Nel primo semestre 2013 le vendite al dettaglio sono calate del 3% rispetto allo stesso periodo 2012. Lo comunica l'Istat che registra a giugno un calo dello 0,2% sul mese precedente e del 3% sul 2012. Calano anche i farmaci.

Nel primo semestre 2013 le vendite al dettaglio sono calate del 3% rispetto allo stesso periodo 2012. Lo comunica l'Istat che registra a giugno un calo dello 0,2% sul mese precedente e del 3% sul 2012. Si tratta della dodicesima flessione tendenziale consecutiva. A maggio le vendite erano aumentate dello 0,1% su aprile. In particolare, la diminuzione a giugno è stata particolarmente accentuata nei piccoli negozi (-3,6% su anno) come nella grande distribuzione (-2,3%) e anche nei discount (-1,3%).

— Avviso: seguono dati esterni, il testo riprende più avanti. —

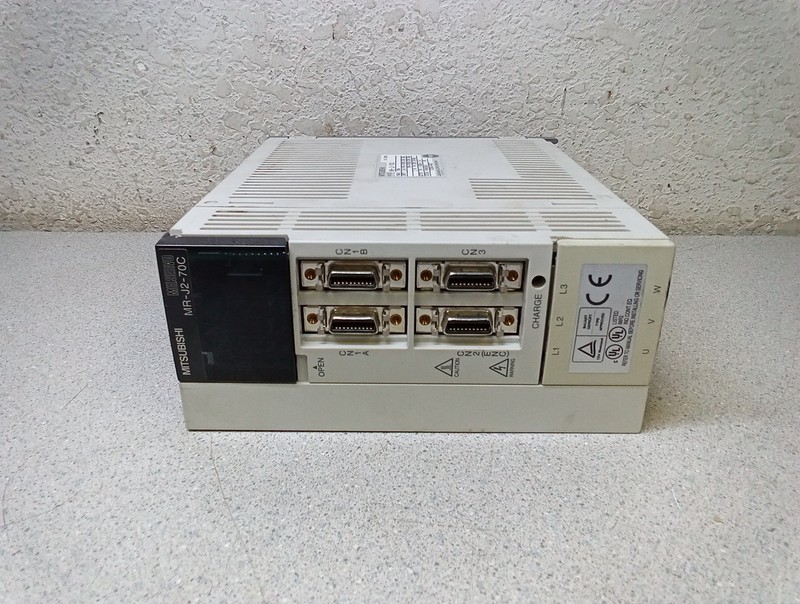 Mitsubishi MR-J2-70C AC Servo Amplifier Controller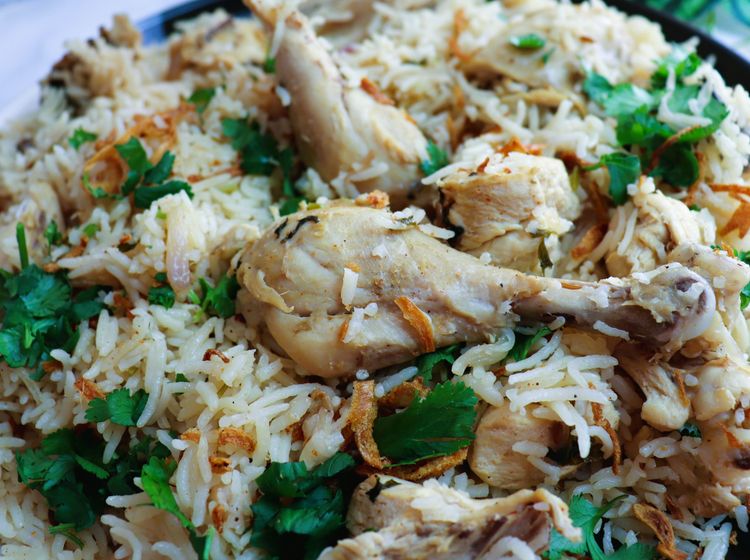 Step 4.1: Garnish with crispy fried onions (optional) for extra flavour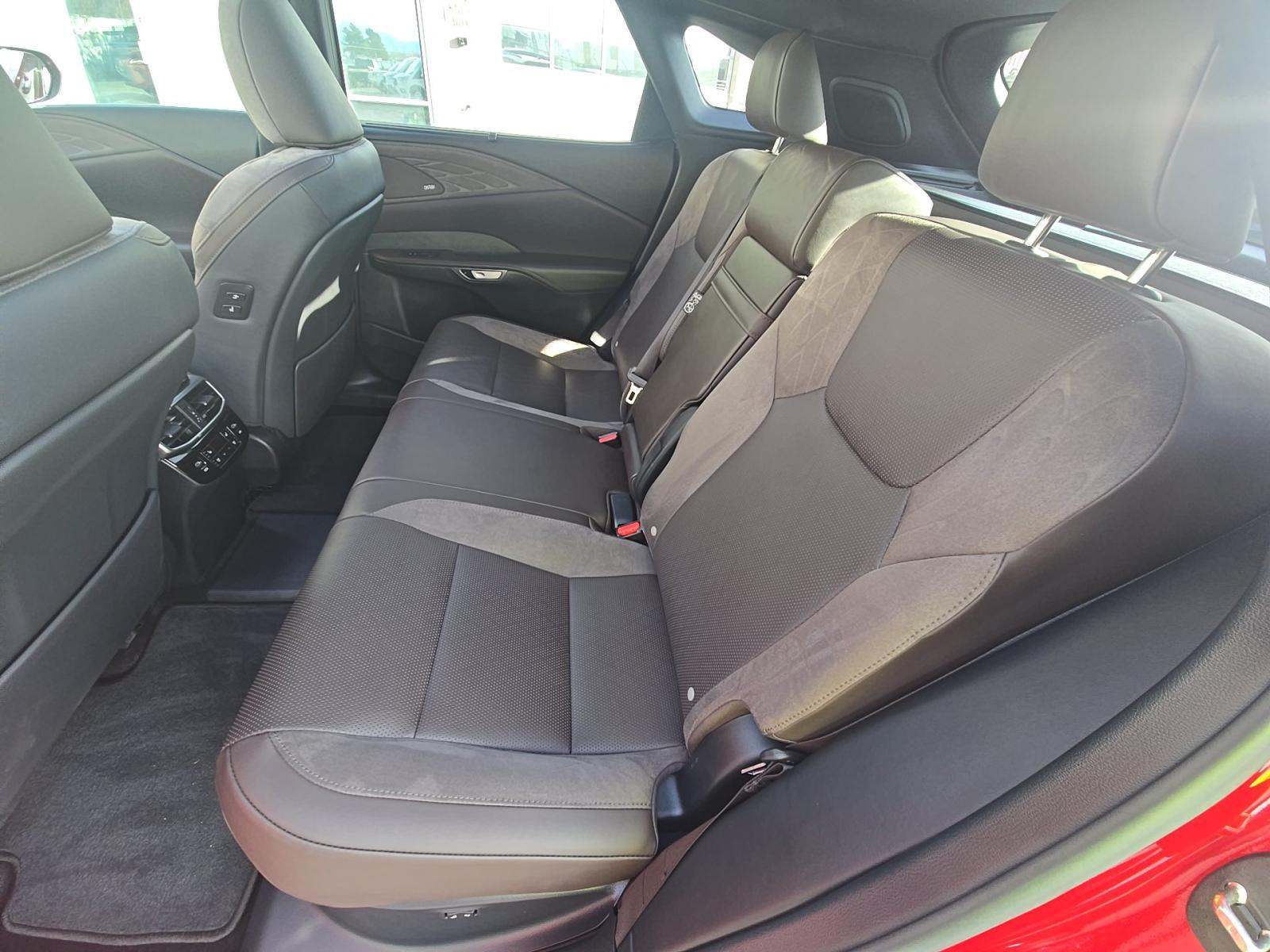 2024 Lexus RX 450h+ Luxury AWD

Resistono solo le grandi superfici specializzate in una tipologia unica o prevalente di prodotti non alimentari (+0,4%). Le flessioni maggiori degli acquisti si registrano per gli elettrodomestici (-5,9%) e i prodotti farmaceutici (-4,6%). Resistono meglio, invece, i gruppi di prodotti di utensileria per la casa e ferramenta (-0,6%) e le dotazioni per l'informatica, telecomunicazioni e telefonia (-1,3%). L'allarme è generale. Per le associazioni dei consumatori «si conferma l'ennesimo calo delle vendite al dettaglio che porta la contrazione dei consumi nel biennio 2012-2013 a toccare il record del -7,8%», pari a 56 miliardi, affermano Federconsumatori e Adusbef chiedendo al governo di intervenire subito su Imu e Iva. Per Coldiretti «con i dati negativi delle vendite a giugno la crisi tocca il fondo e fa registrare il peggior semestre degli ultimi anni. Cala la spesa anche per l'acquisto nei discount alimentari (-1,3%) anche se il tonfo più pesante in assoluto (tra alimentari e non) si è verificato per i piccoli negozi alimentari (-4,5%)».

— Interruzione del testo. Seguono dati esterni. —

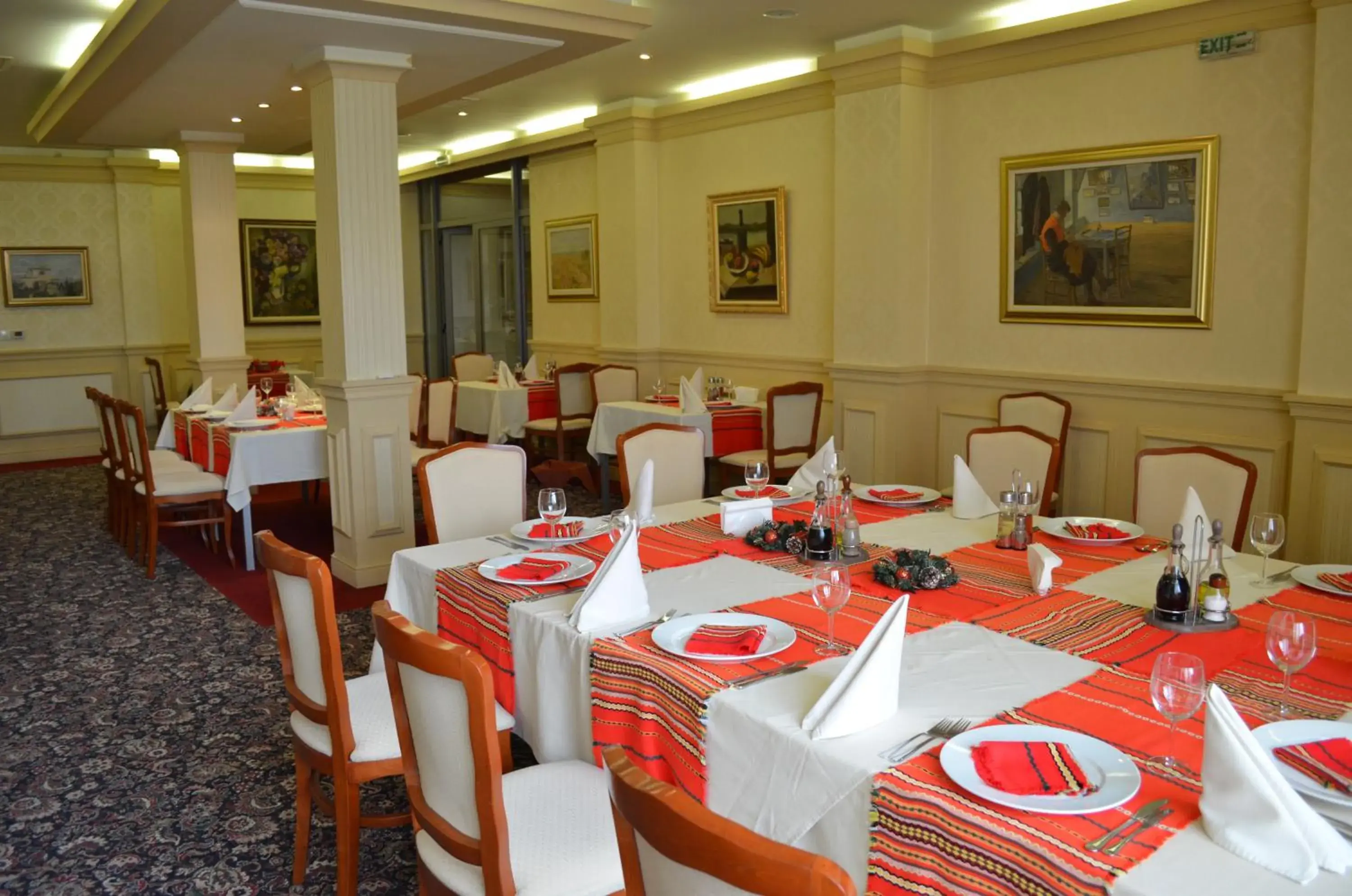 Restaurant/places to eat in Hotel Bankya Palace Restaurant/places to eat in Hotel Bankya Palace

«La diminuzione registrata nel mese di giugno segnala come i deboli e ancora incerti segnali di ripresa dell'economia rilevati nei periodi più recenti non abbiano prodotto alcun effetto sui consumi delle famiglie», è il commento dell'Ufficio studi Confcommercio. «Nel primo semestre - prosegue la nota - le vendite si sono ridotte del 3% rispetto allo scorso anno, dato che ha portato a una flessione dei volumi acquistati del 4,4% rispetto a quanto rilevato nel periodo tra gennaio e giugno del 2012. Rimane, dunque, prioritario e imprescindibile evitare definitivamente l'aumento dell'Iva dal 21 al 22% e sarebbe, peraltro, impensabile ricorrere a tale aumento per cercare le risorse necessarie all'eliminazione dell'Imu». Confcommercio conclude quasi con un appello: «C'è bisogno di tutto fuorché di un aumento dell'imposizione fiscale sulle vendite. L'aumento dell'Iva stroncherebbe sul nascere qualsiasi possibilità di un miglioramento dei consumi e frenerebbe il conseguente consolidamento del quadro economico del Paese».